PIASECZNO Po wprowadzeniu buspasa na Puławskiej, gmina wystąpiła do ZTM-u o dodatkowe autobusy. Trwają też przymiarki do utworzenia linii wahadłowej między Józefosławiem, a PKP Jeziorki. Miałaby ona zacząć funkcjonować w przyszłym roku
Po wprowadzeniu buspasa na Puławskiej gmina Piaseczno poprosiła ZTM o zwiększenie częstotliwości autobusu 709. Kolejny postulat dotyczył puszczenia autobusów przegubowych na linii 739, mimo że od września ZTM wprowadził na tej linii (obsługuje Józefosław i Julianów) kilka dodatkowych kursów. Na razie jednak przegubowców nie będzie, bo nie ma takich możliwości technicznych. Co do zwiększenia częstotliwości kursowania 709, cały czas trwają analizy.
– Żadne decyzje w tej sprawie jeszcze nie zapadły, choć jesteśmy w stałym kontakcie z ZTM-em – informuje Daniel Putkiewicz, burmistrz Piaseczna.
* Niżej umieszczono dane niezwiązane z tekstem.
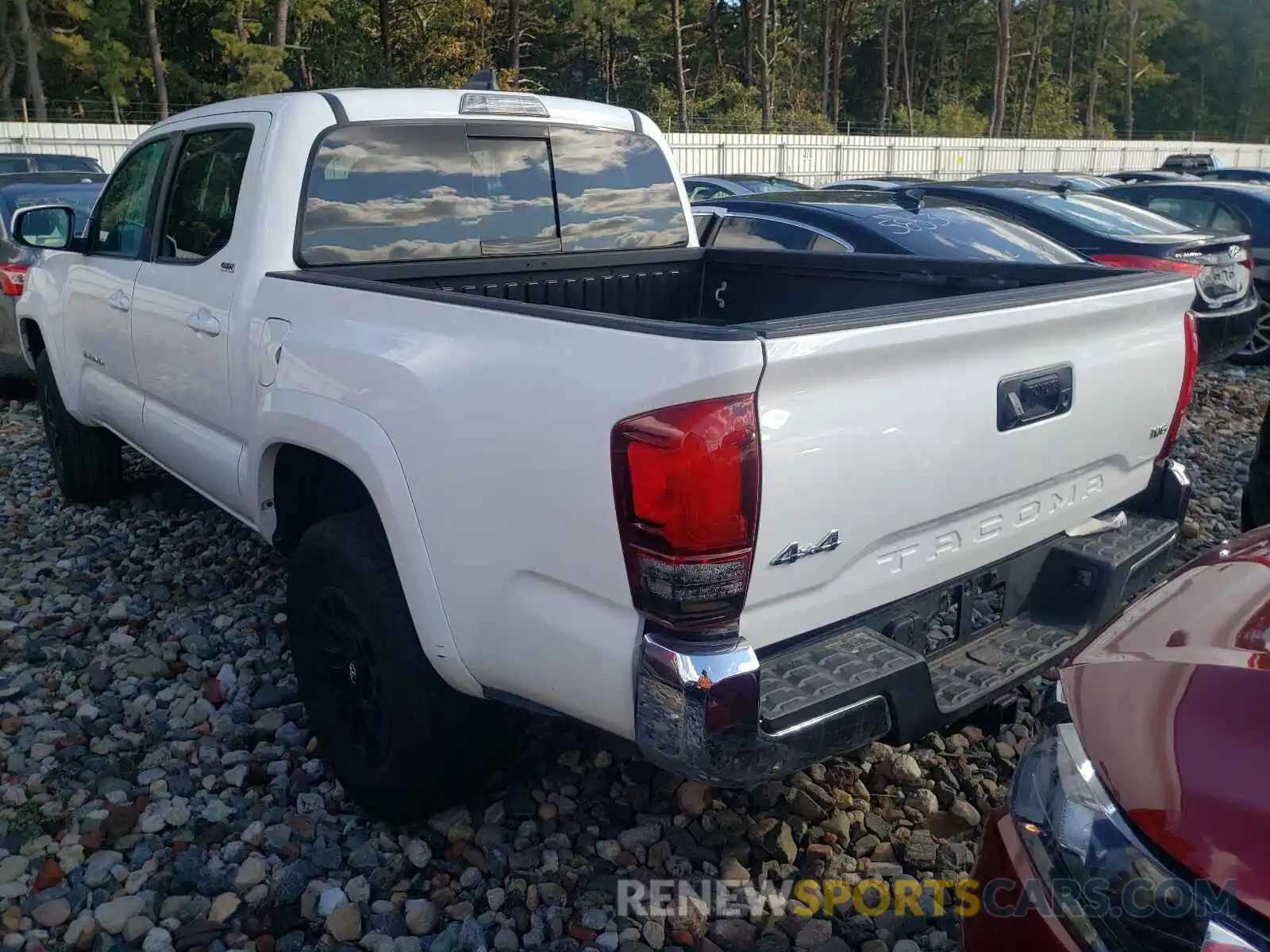 3 Photograph of a damaged car 3TMCZ5AN3LM364151 TOYOTA TACOMA 2020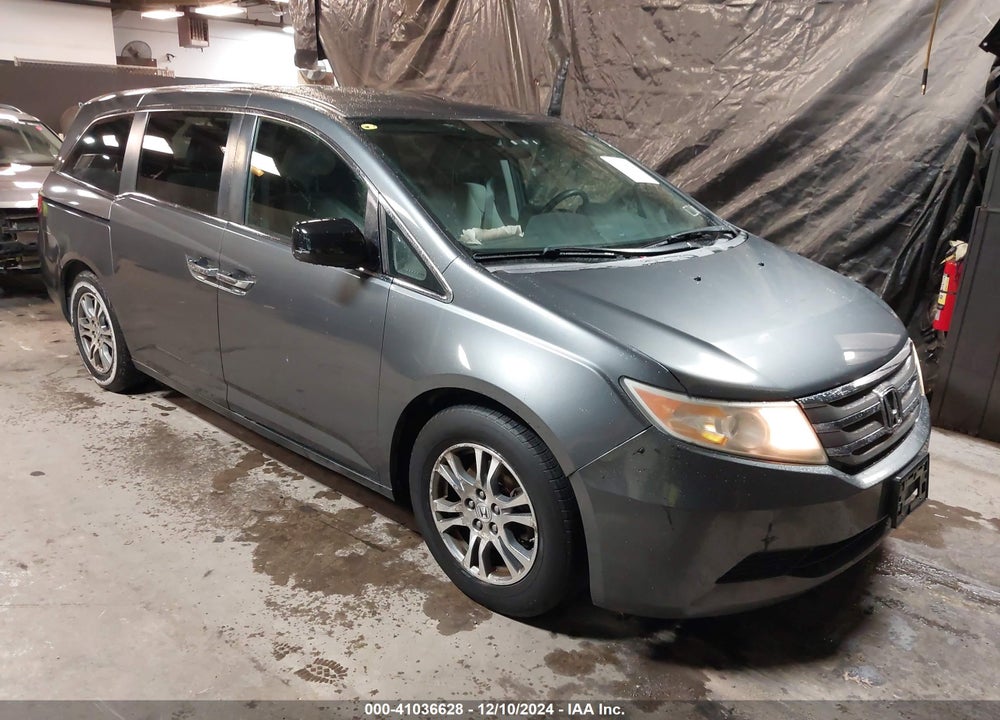 2013 HONDA ODYSSEY EX VIN: 5FNRL5H44DB042312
Niedawno pojawił się kolejny pomysł na usprawnienie transportu zbiorowego, który ma ucieszyć mieszkańców Józefosławia i Julianowa. Dotyczy on utworzenia tzw. linii wahadłowej, łączącej te dwie miejscowości z PKP Jeziorki, gdzie mieszkańcy będą mogli przesiąść się w pociągi Kolei Mazowieckich, a wkrótce także w SKM. Nowy autobus jeździłby ulicami Geodetów, Julianowską, Kameralną, Cyraneczki, Ogrodową, znów Geodetów, Puławską i Karczunkowską do stacji PKP.
– Prace nad nową linią trwają, trudno mi powiedzieć ile to wszystko potrwa – mówi Daniel Putkiewicz. – Czekamy na decyzję co do trasy i kosztów nowego autobusu. Bardzo pracochłonna jest także organizacja przejazdów. Nie chcemy, aby ten autobus zaczął jeździć kosztem innych linii. Sytuacja jest w tej chwili trudna. Brakuje kierowców i sprzętu. Przypominam, że cały czas walczymy o przywrócenie dawnej częstotliwości „elek”, w tym autobusu L39. Jest to naszym absolutnym priorytetem – podkreśla burmistrz.